Electronic Arts is a company that deserves credit for helping make life easier for both programmers and end users. By establishing Interchange Format Files (ie, IFF) and releasing the documentation for such, as well as C source code for reading and writing IFF type of files, Electronic Arts has helped make it easier for programmers to develop "backward compatible" and "extensible" file formats. IFF also helps developers write programs that easily read data files created with each others' IFF compliant software, even if there is no business relationship between the developers. In a nutshell, IFF helps minimize problems such as new versions of a particular program having trouble reading data files produced by older versions, or needing a new file format everytime a new version needs to store additional information. It also encourages standardized file formats that aren't tied to a particular product. All of this is good for endusers because it means that their valuable data isn't locked into some proprietary standard that can't be used with a wide variety of hardware and software. Above all else, endusers don't want their work to be held hostage by a single, corporate entity over whom the enduser has no direct control, but that's exactly what happens whenever an enduser saves his data using a program that produces a proprietary, unpublished file format. IFF helps to break this needlessly proprietary stranglehold that developers have exerted upon endusers' works.

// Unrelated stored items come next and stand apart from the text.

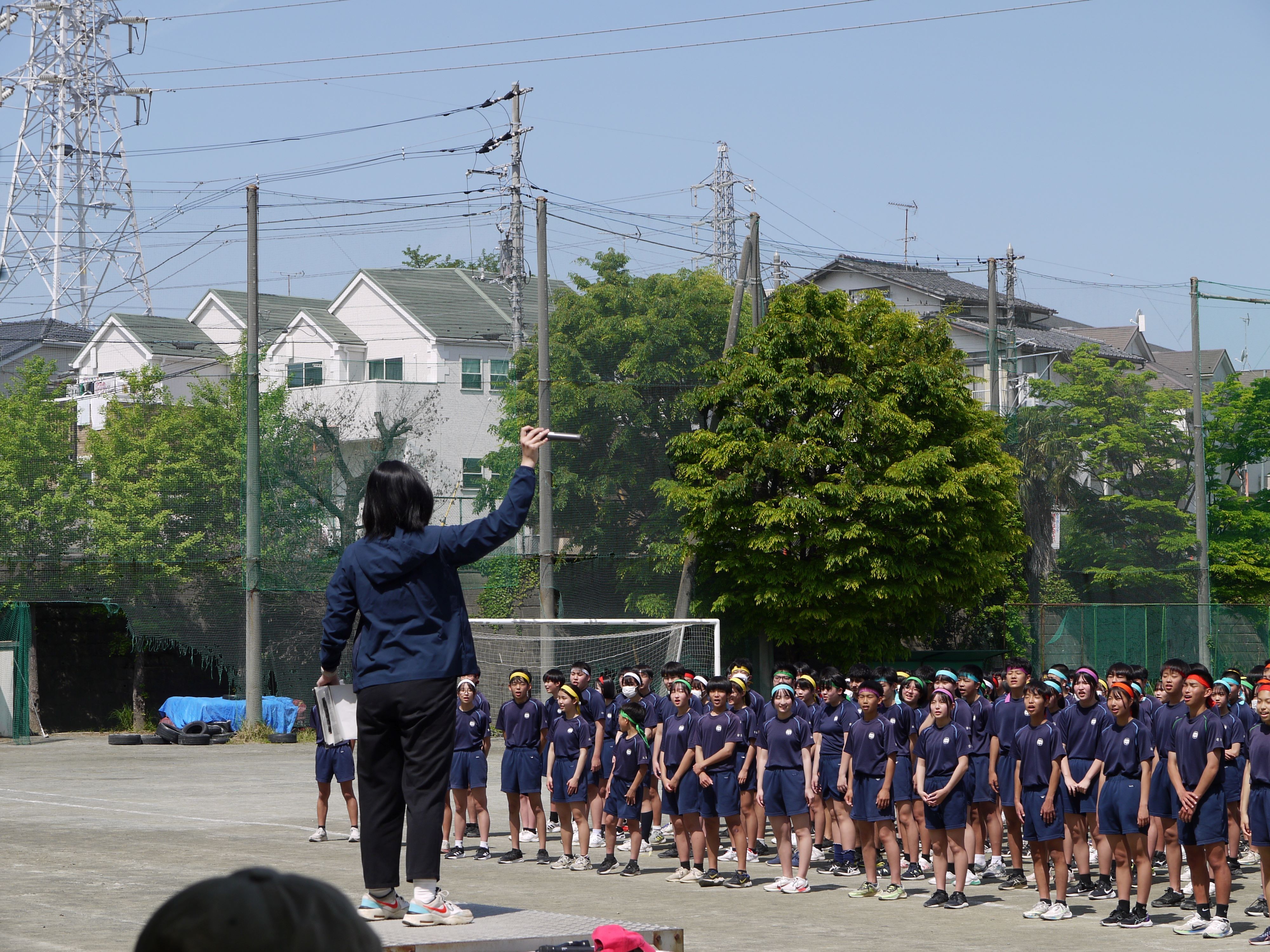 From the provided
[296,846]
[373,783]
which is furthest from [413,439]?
[373,783]

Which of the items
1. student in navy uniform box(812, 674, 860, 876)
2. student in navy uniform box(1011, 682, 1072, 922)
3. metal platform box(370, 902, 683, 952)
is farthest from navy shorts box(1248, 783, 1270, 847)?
metal platform box(370, 902, 683, 952)

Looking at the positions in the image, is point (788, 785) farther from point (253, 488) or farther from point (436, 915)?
point (253, 488)

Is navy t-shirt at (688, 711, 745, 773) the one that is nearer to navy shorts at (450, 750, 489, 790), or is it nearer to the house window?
navy shorts at (450, 750, 489, 790)

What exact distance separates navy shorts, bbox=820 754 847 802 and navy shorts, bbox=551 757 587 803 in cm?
238

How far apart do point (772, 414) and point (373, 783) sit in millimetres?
22302

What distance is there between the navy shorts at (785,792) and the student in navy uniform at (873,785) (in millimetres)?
573

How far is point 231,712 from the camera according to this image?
105 ft

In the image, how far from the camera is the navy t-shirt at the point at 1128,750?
1180 cm

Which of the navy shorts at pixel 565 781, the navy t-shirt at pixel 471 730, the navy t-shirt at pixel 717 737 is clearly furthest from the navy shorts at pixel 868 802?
the navy t-shirt at pixel 471 730

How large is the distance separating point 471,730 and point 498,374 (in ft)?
89.8

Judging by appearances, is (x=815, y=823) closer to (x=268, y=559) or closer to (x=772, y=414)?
(x=772, y=414)

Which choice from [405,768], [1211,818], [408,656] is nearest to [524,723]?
[1211,818]

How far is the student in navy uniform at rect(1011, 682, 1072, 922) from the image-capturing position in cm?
1197

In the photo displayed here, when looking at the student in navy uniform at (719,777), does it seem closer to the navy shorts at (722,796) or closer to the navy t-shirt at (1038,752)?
the navy shorts at (722,796) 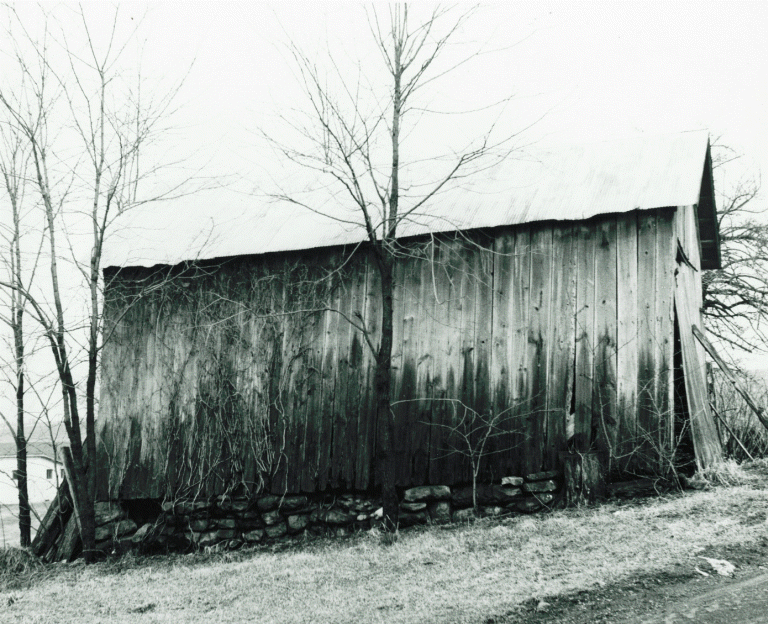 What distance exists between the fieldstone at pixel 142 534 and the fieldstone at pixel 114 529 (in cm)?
15

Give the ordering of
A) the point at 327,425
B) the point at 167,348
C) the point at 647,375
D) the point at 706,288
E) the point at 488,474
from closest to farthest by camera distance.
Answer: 1. the point at 647,375
2. the point at 488,474
3. the point at 327,425
4. the point at 167,348
5. the point at 706,288

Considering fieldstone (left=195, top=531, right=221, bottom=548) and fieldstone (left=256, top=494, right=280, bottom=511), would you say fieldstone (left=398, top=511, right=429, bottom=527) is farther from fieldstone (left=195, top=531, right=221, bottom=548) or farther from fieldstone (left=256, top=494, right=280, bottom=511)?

An IFF file is a set of data that is in a form that many, unrelated programs can read. An IFF file should not have anything in it that was intended specifically for just one, particular program. If a program must save some "personal" (ie, proprietary) data in an IFF file, it must be saved in a manner which allows another program to "skip over" this data. There are several different types of IFF files. ILBM and GIFF files store picture data. SMUS files store musical scores. WAVE and AIFF files store sampled sounds. Each of these files must start with an ID which indicates that it is indeed an IFF file, followed by an ID that indicates which type of file. So what is an ID? An ID is four, printable ascii characters (ie, 8-bit bytes). If you use a file viewer (capable of displaying each byte as an ascii character) to look at an IFF file, you will notice that every so often you will see 4 "readable" characters in a row. These 4 characters are an ID. Every IFF file must start with one of the following 3 IDs. (I've enclosed each ID in single quotes).

'CAT '

If the first 4 chars (bytes) in a file are not one of these, then it is not an IFF file. These IDs are referred to as group IDs in EA literature because each is like a "master ID" after which there may follow more IDs (ie, chunks) that are grouped under that master ID.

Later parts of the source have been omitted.